BEGIN

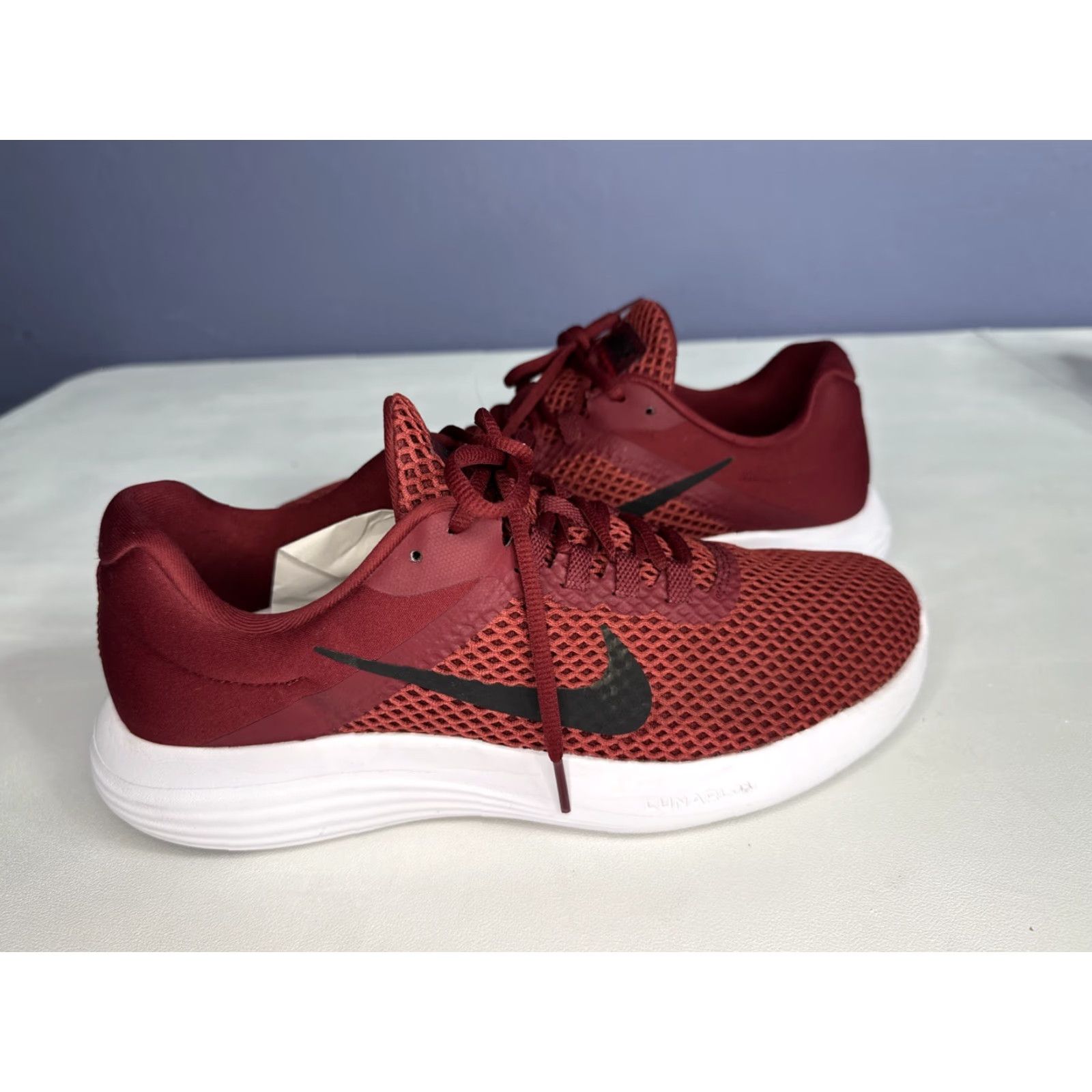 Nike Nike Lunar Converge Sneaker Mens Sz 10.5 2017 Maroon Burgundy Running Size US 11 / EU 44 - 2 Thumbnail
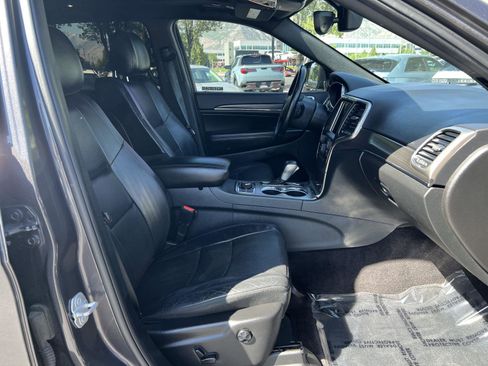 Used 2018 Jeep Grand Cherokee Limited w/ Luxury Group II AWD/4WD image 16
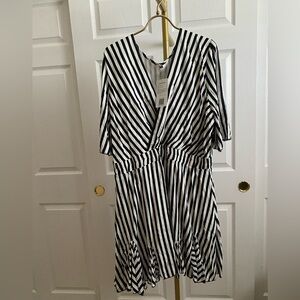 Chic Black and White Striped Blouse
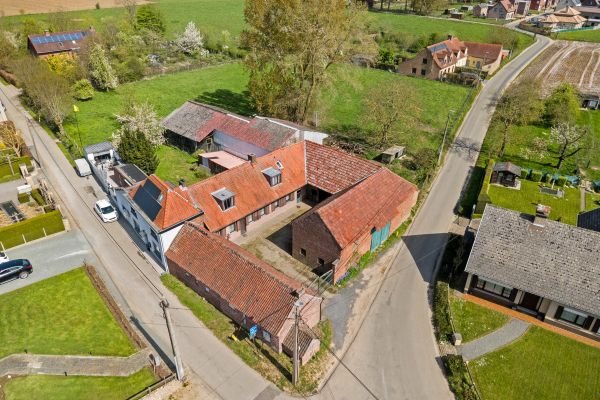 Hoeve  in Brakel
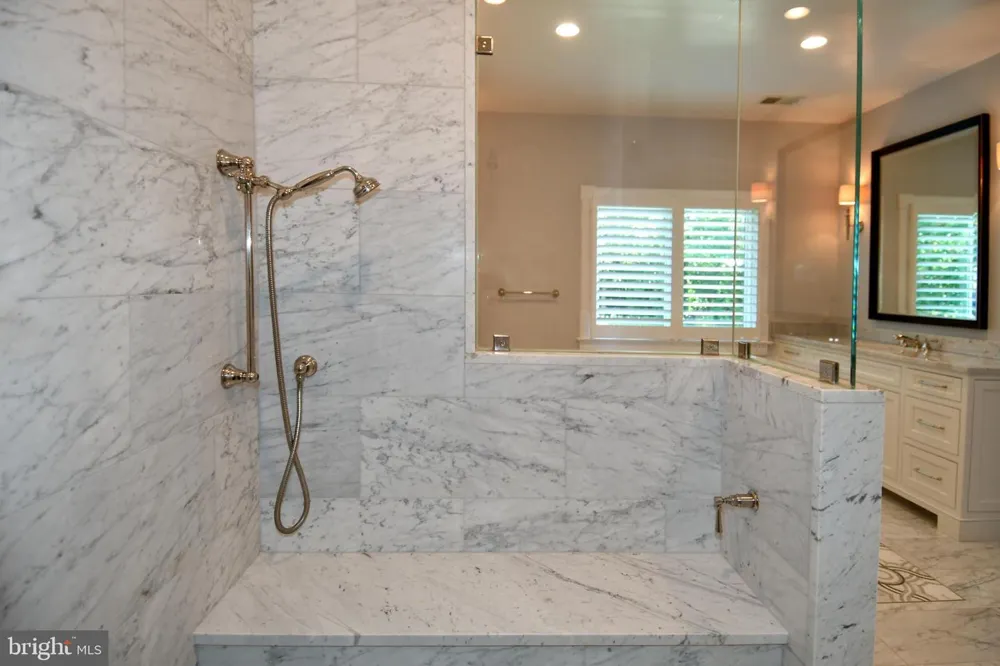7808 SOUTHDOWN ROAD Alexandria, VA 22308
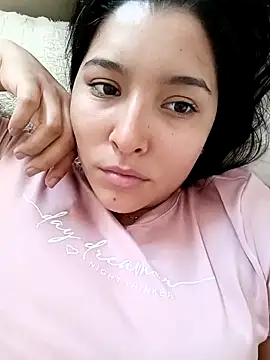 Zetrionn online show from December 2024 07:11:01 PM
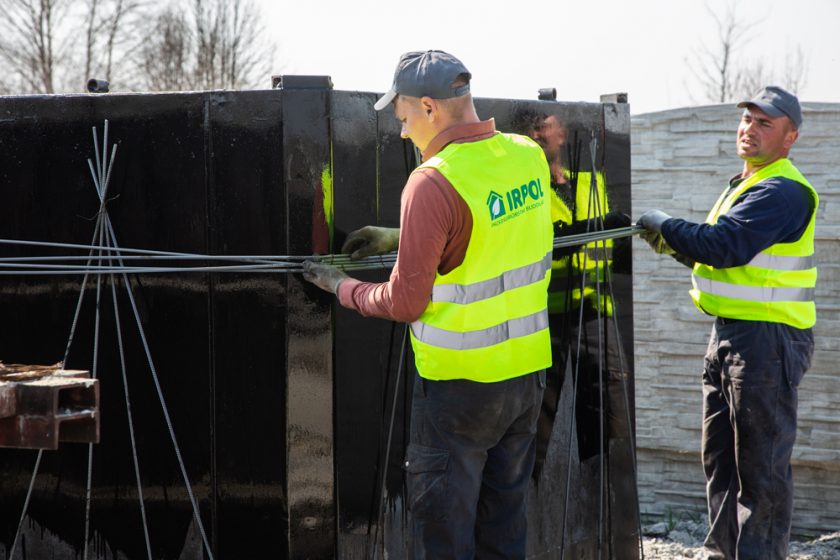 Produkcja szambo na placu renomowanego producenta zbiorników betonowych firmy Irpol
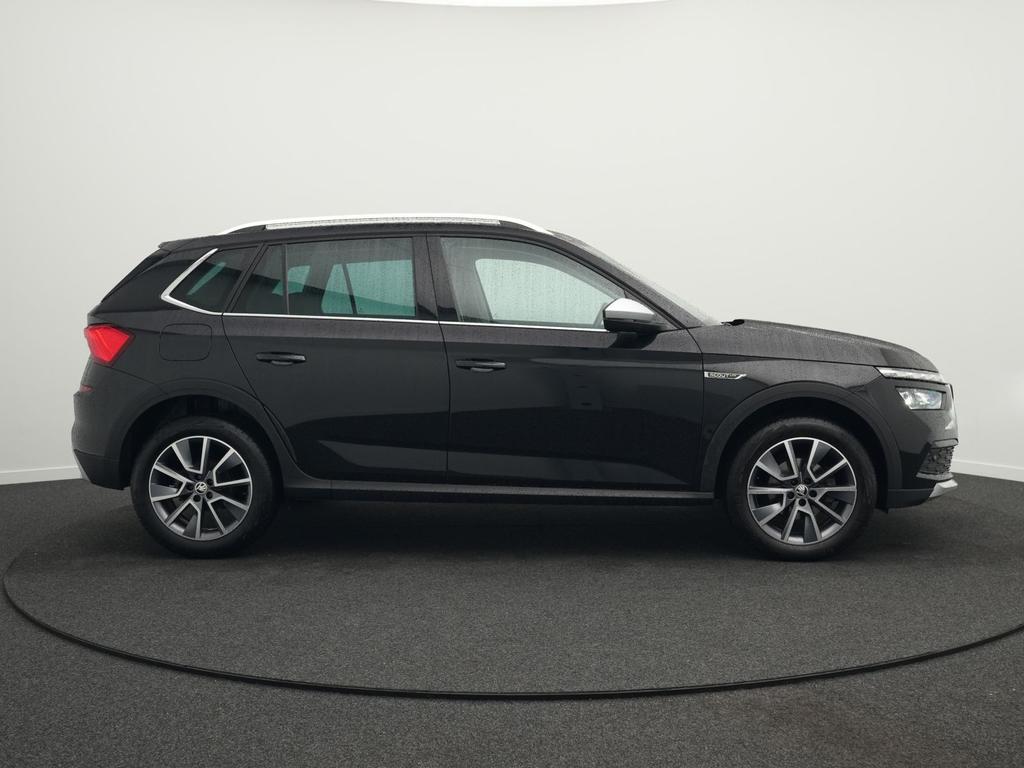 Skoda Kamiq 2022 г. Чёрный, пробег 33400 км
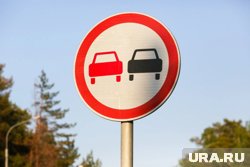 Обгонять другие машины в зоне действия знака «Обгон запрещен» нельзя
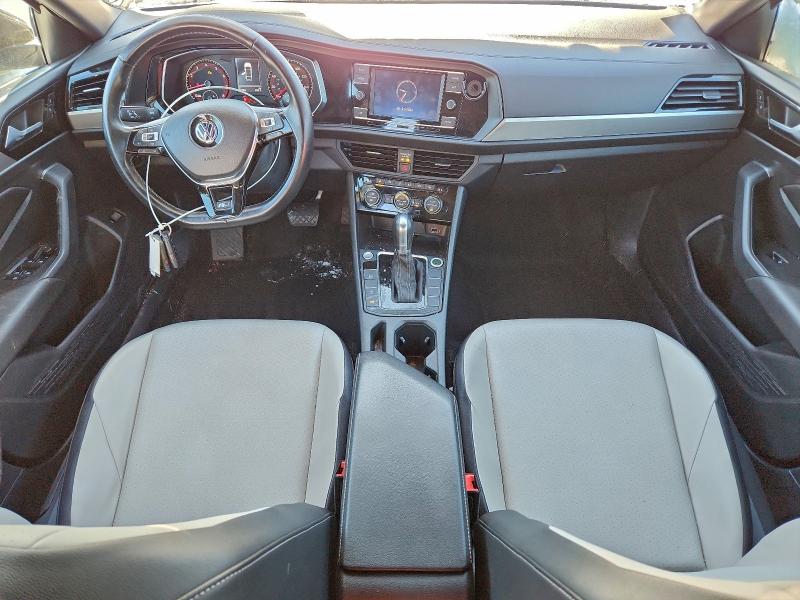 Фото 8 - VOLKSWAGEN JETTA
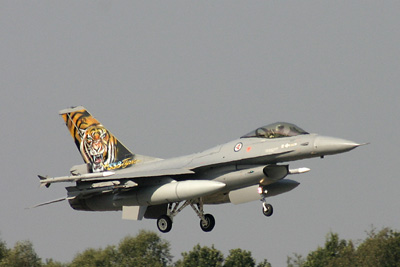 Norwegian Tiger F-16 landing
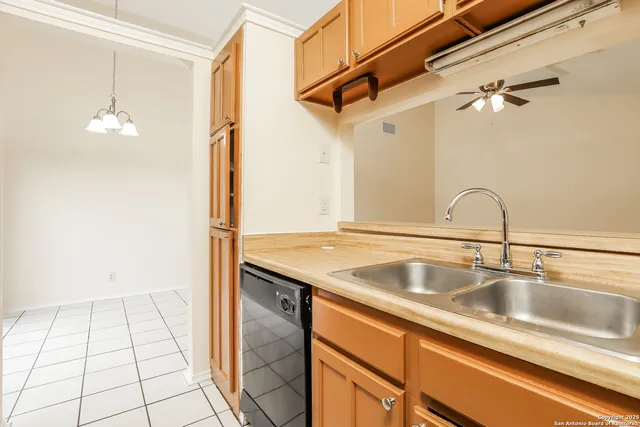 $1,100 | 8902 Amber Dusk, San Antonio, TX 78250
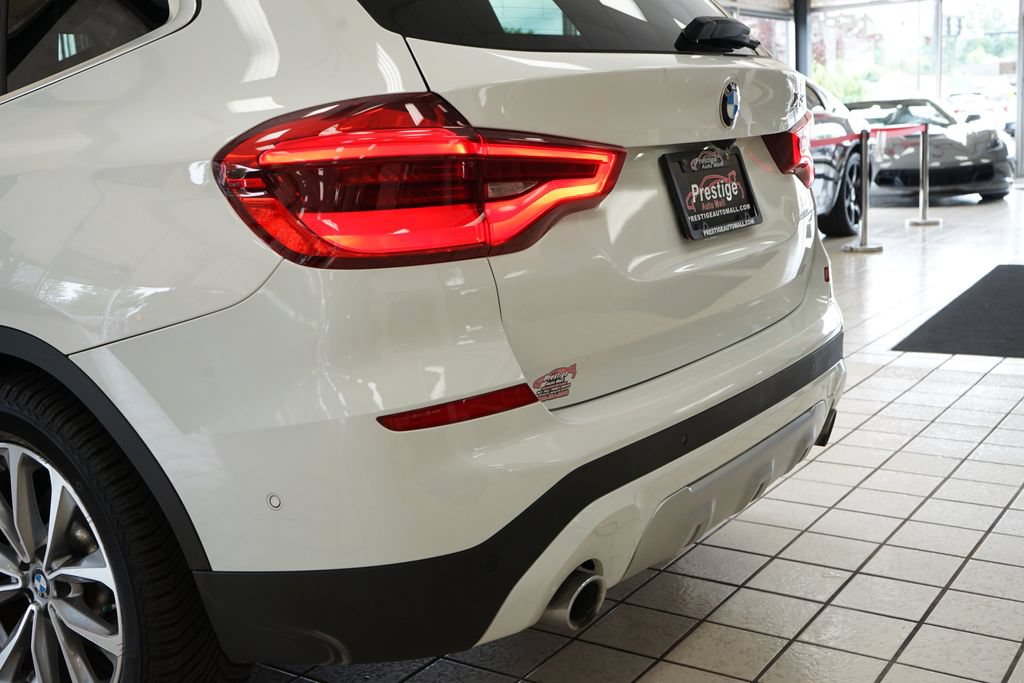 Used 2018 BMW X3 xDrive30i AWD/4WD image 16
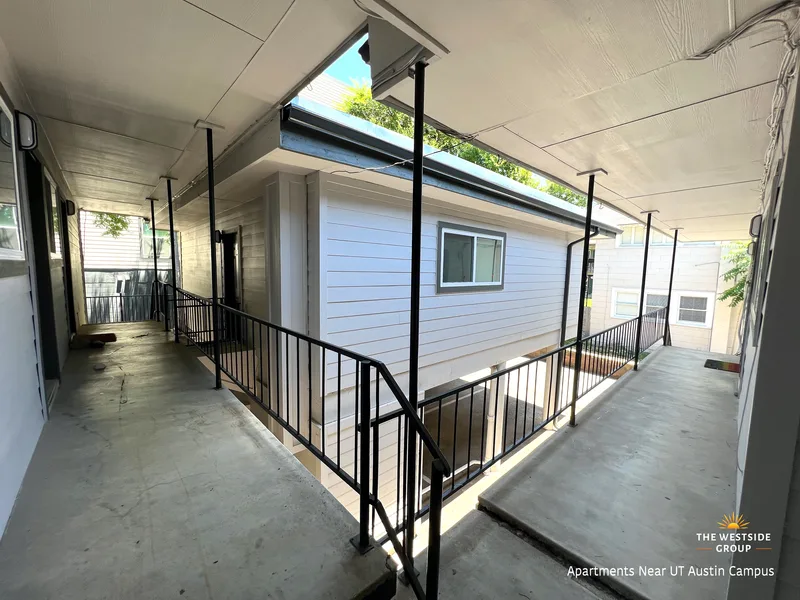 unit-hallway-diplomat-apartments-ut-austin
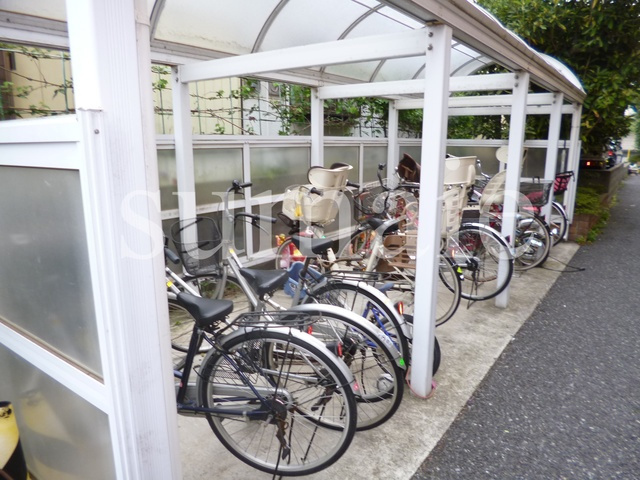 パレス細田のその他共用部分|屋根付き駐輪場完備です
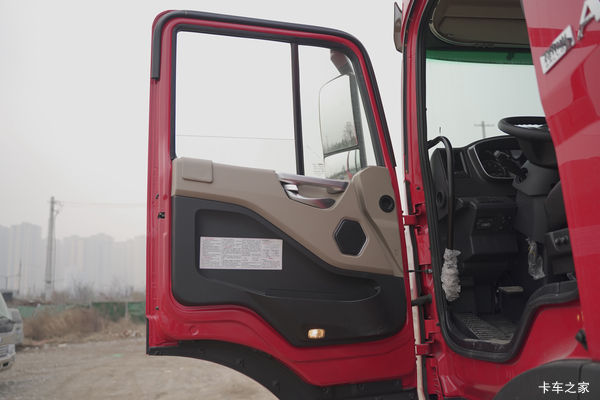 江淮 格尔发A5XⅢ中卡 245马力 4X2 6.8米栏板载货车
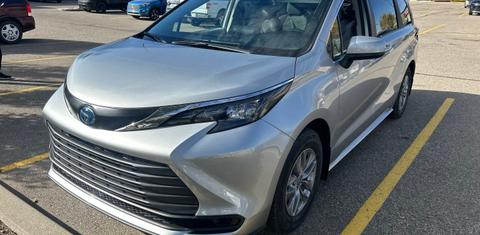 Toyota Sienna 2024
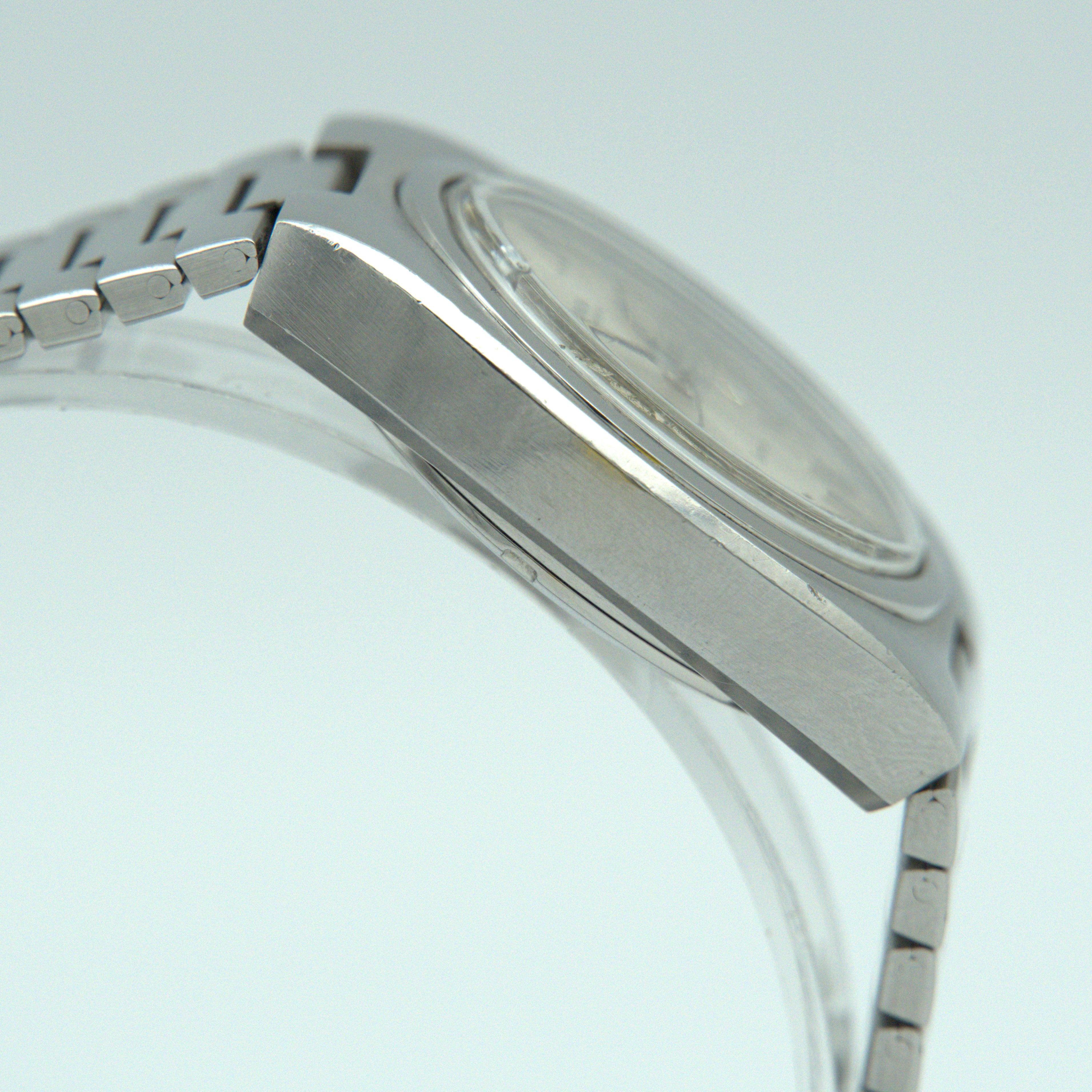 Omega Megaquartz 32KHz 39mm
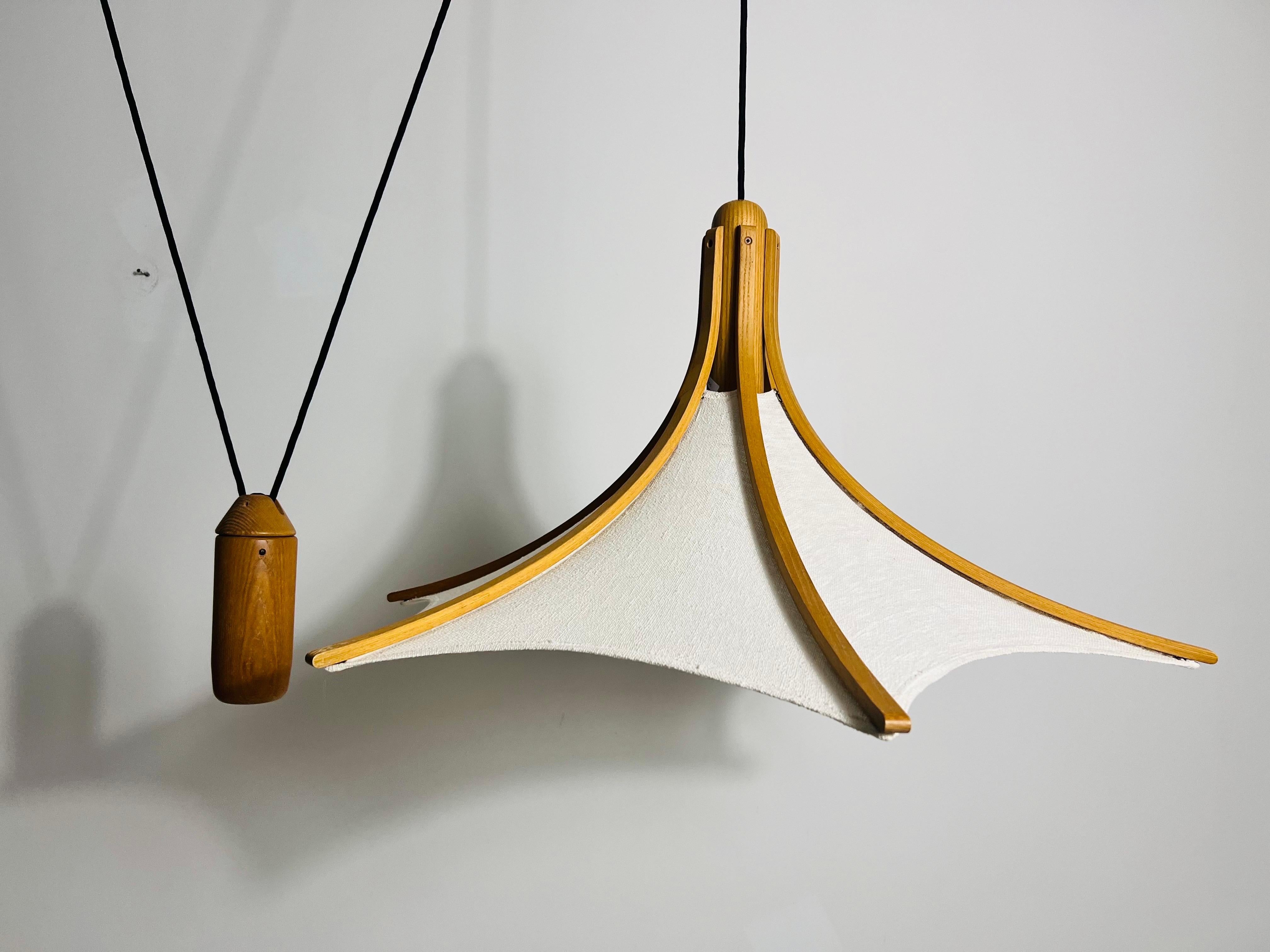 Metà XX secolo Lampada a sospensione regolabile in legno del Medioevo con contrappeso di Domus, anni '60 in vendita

END

● **TASK STATEMENT**: What is needed is a word-for-word copy of the data above, free of any images.

● **SOLUTION**:
 Nike Nike Lunar Converge Sneaker Mens Sz 10.5 2017 Maroon Burgundy Running Size US 11 / EU 44 - 2 Thumbnail
 Used 2018 Jeep Grand Cherokee Limited w/ Luxury Group II AWD/4WD image 16
 Chic Black and White Striped Blouse
 Hoeve  in Brakel
7808 SOUTHDOWN ROAD Alexandria, VA 22308
 Zetrionn online show from December 2024 07:11:01 PM
 Produkcja szambo na placu renomowanego producenta zbiorników betonowych firmy Irpol
 Skoda Kamiq 2022 г. Чёрный, пробег 33400 км
 Обгонять другие машины в зоне действия знака «Обгон запрещен» нельзя
 Фото 8 - VOLKSWAGEN JETTA
 Norwegian Tiger F-16 landing
 $1,100 | 8902 Amber Dusk, San Antonio, TX 78250
 Used 2018 BMW X3 xDrive30i AWD/4WD image 16
 unit-hallway-diplomat-apartments-ut-austin
 パレス細田のその他共用部分|屋根付き駐輪場完備です
 江淮 格尔发A5XⅢ中卡 245马力 4X2 6.8米栏板载货车
 Toyota Sienna 2024
 Omega Megaquartz 32KHz 39mm
 Metà XX secolo Lampada a sospensione regolabile in legno del Medioevo con contrappeso di Domus, anni '60 in vendita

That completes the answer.